# WHAT IS EXPECTED:
Below are the entries to work from; restate word for word the portion that opens with the line containing "Utensílios De Cozinha" and closes with the line containing "法式复古小踝靴秋冬加绒真皮防", keeping both.

# INPUT FOR THIS TASK:
####
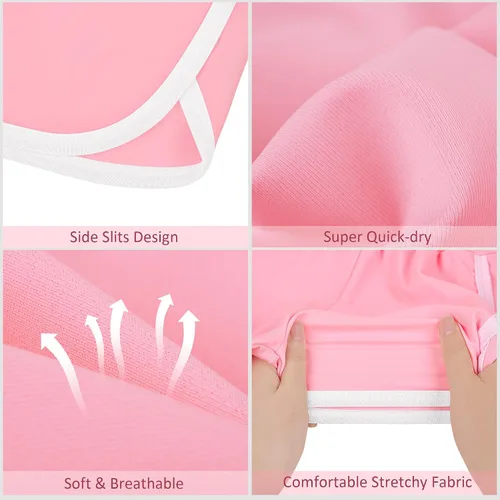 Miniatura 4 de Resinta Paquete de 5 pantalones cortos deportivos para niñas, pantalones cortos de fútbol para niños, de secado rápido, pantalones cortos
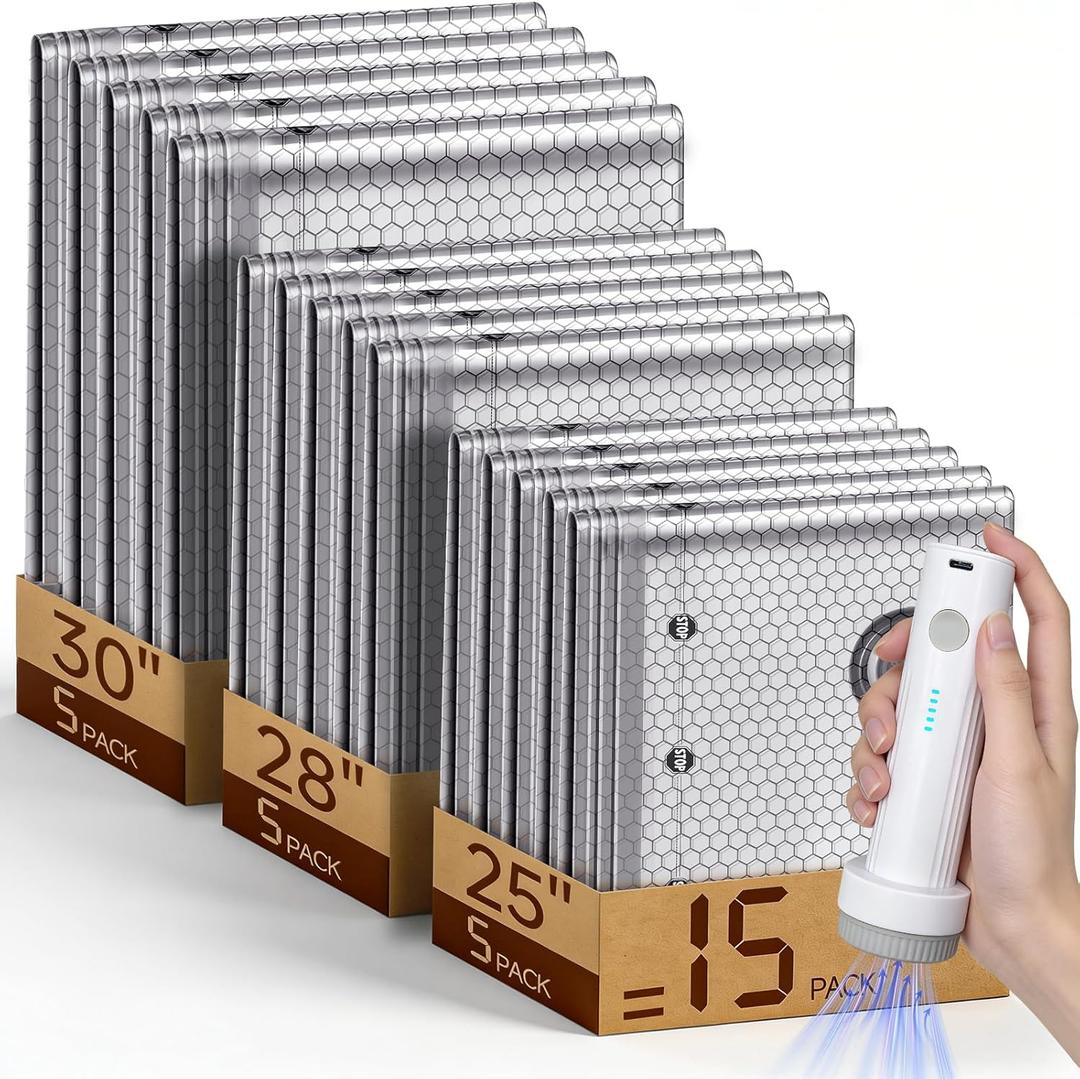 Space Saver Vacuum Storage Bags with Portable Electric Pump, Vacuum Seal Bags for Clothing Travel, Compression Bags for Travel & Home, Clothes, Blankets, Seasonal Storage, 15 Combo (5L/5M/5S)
####
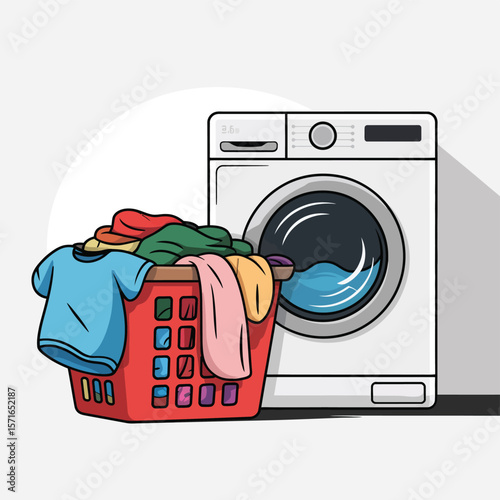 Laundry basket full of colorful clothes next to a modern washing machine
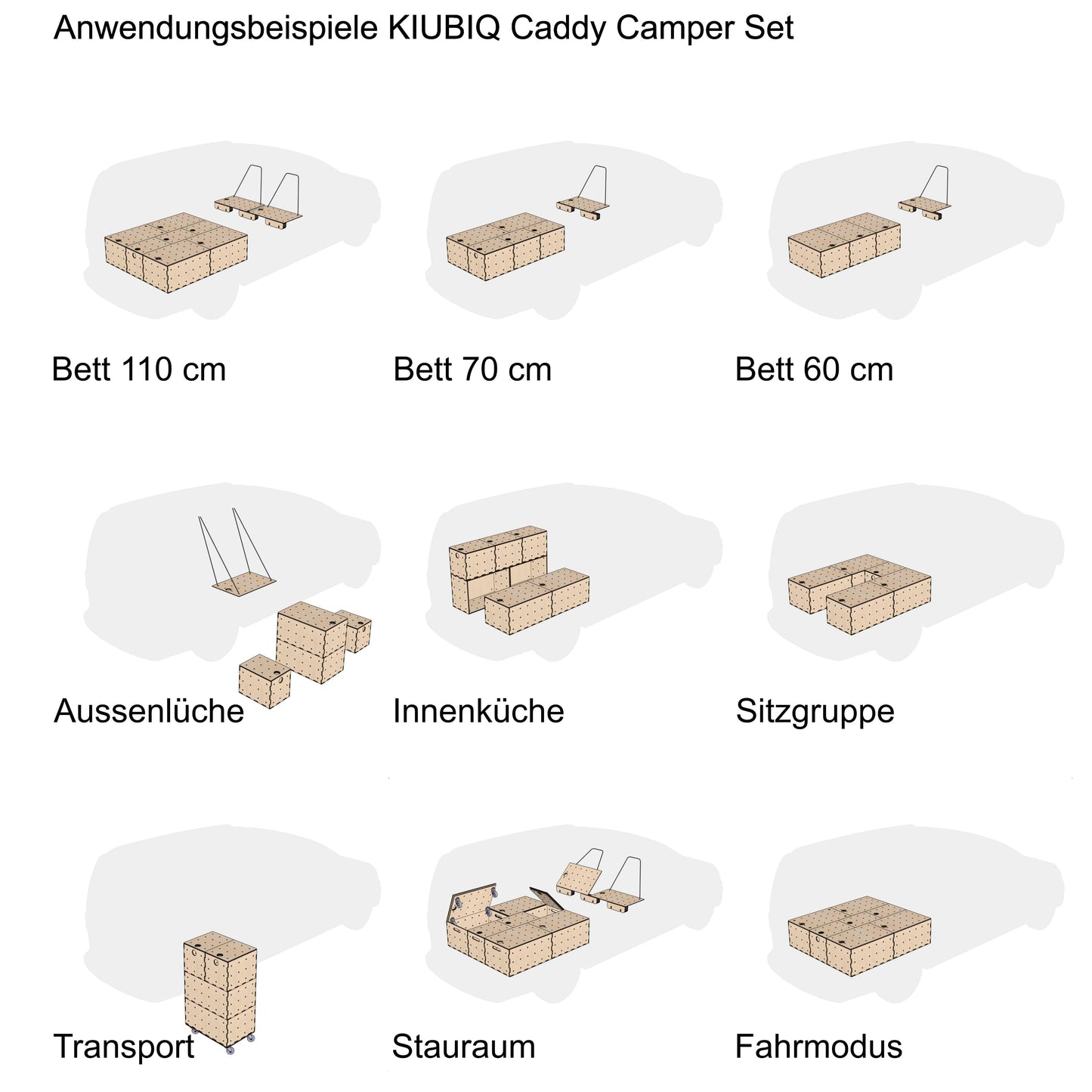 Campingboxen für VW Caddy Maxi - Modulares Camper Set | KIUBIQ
####
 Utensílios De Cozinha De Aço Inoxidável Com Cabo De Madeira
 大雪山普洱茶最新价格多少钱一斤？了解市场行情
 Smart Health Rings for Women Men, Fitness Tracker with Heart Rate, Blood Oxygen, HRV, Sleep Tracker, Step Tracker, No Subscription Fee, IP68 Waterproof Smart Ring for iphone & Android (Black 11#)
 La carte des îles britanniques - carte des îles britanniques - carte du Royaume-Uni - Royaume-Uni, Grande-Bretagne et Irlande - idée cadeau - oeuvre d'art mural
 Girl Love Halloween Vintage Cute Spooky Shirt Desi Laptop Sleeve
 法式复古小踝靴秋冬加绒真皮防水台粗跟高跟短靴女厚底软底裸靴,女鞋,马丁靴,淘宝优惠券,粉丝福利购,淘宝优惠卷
####
# EXERCISE RESPONSE:
 Utensílios De Cozinha De Aço Inoxidável Com Cabo De Madeira
 大雪山普洱茶最新价格多少钱一斤？了解市场行情
 Smart Health Rings for Women Men, Fitness Tracker with Heart Rate, Blood Oxygen, HRV, Sleep Tracker, Step Tracker, No Subscription Fee, IP68 Waterproof Smart Ring for iphone & Android (Black 11#)
 La carte des îles britanniques - carte des îles britanniques - carte du Royaume-Uni - Royaume-Uni, Grande-Bretagne et Irlande - idée cadeau - oeuvre d'art mural
 Girl Love Halloween Vintage Cute Spooky Shirt Desi Laptop Sleeve
 法式复古小踝靴秋冬加绒真皮防水台粗跟高跟短靴女厚底软底裸靴,女鞋,马丁靴,淘宝优惠券,粉丝福利购,淘宝优惠卷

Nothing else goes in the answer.